• What you need to do: Give the lines below again, exactly as they stand, and leave out the images.

START Data block

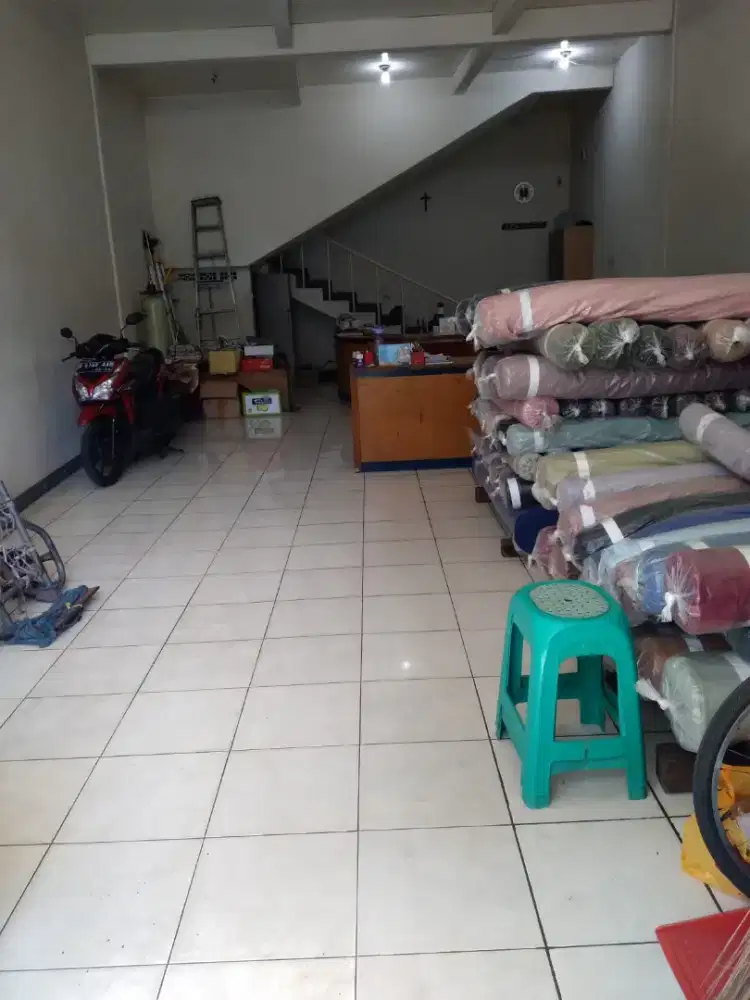 Ruko Tamim Bandung Pusat Kain Textil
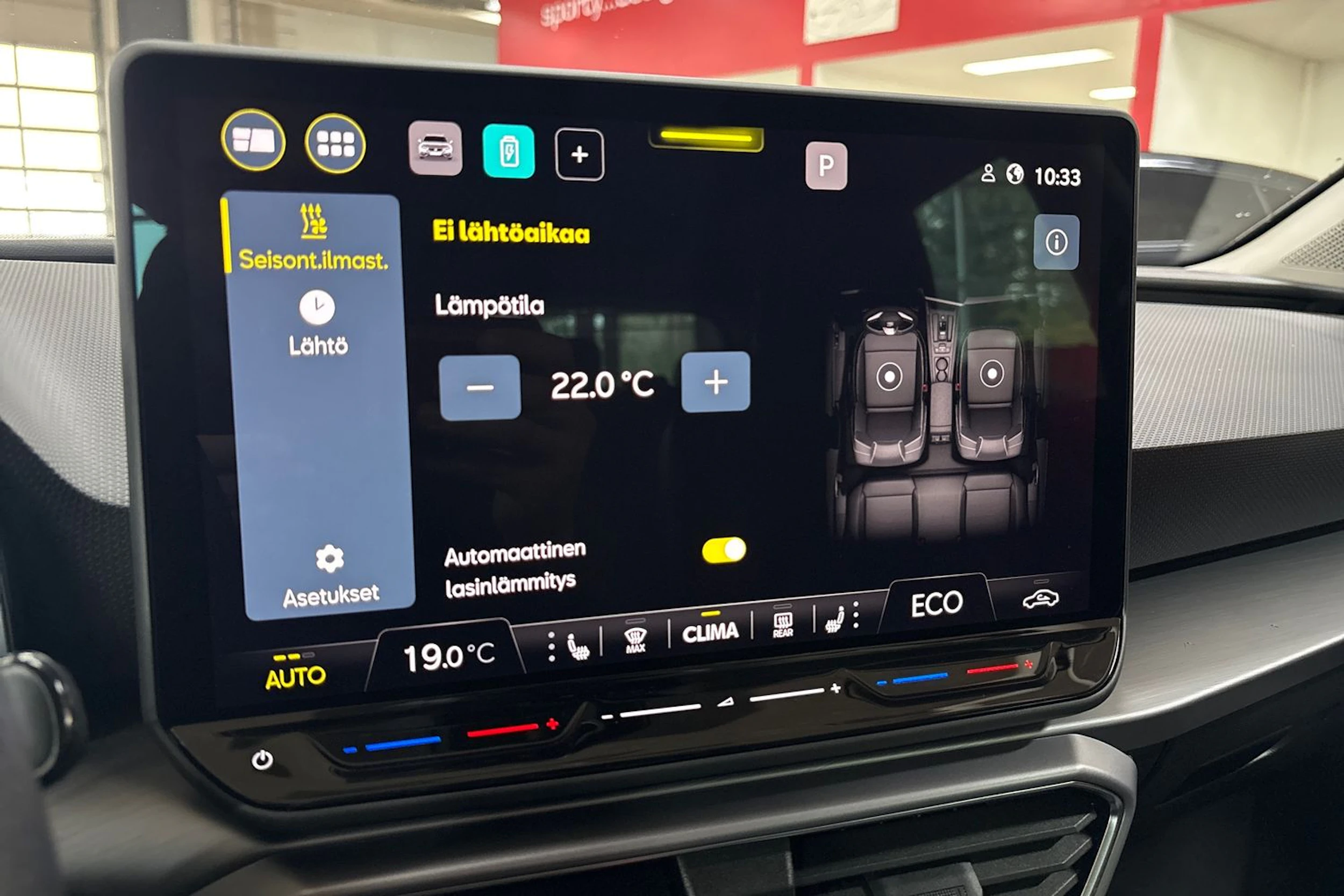 musta SEAT Leon Sportstourer 2025 kuva 19.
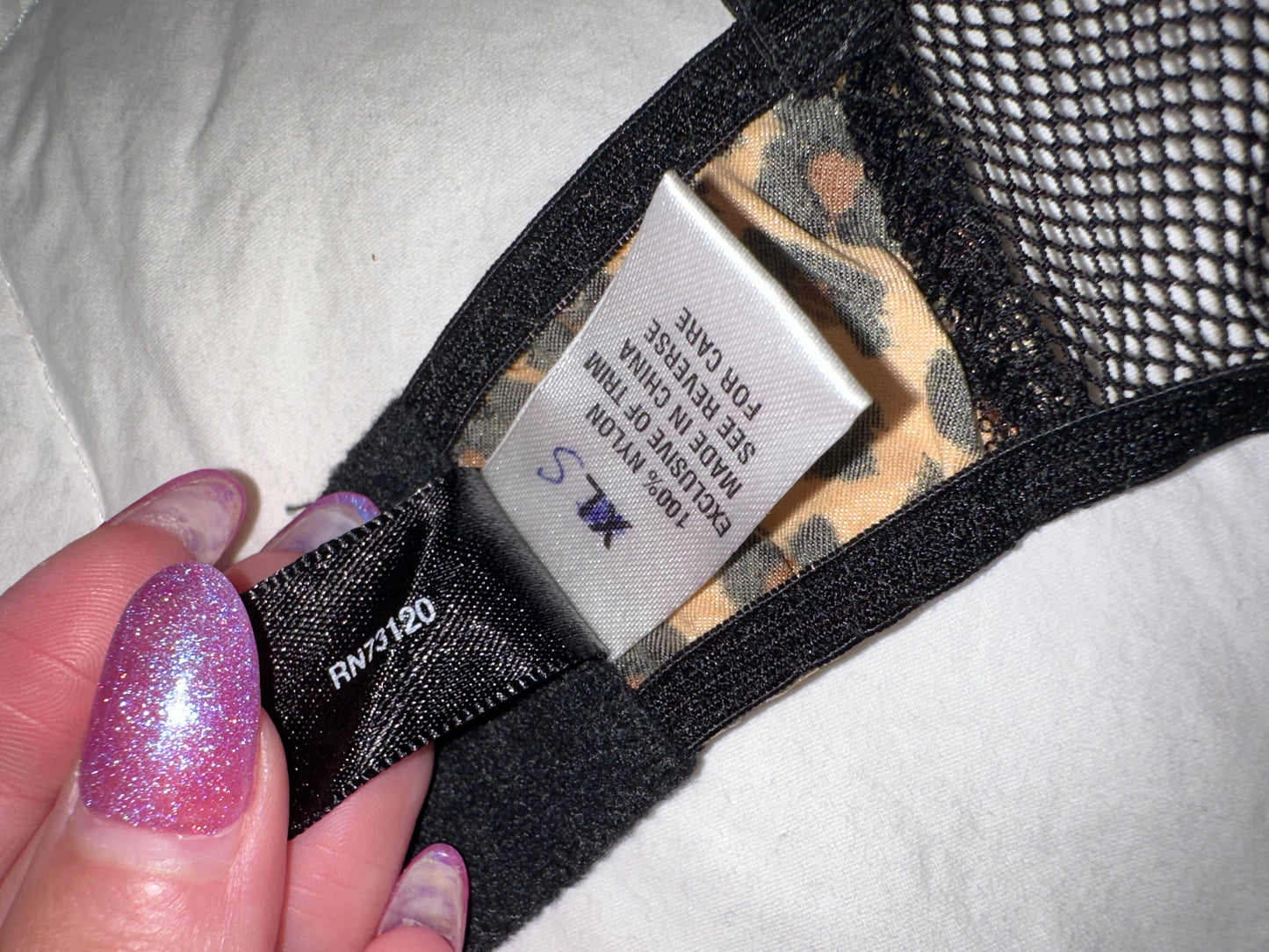 Vintage Fredricks of Hollywood corset🐆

END Data block

• Written answer:
 Ruko Tamim Bandung Pusat Kain Textil
 musta SEAT Leon Sportstourer 2025 kuva 19.
 Vintage Fredricks of Hollywood corset🐆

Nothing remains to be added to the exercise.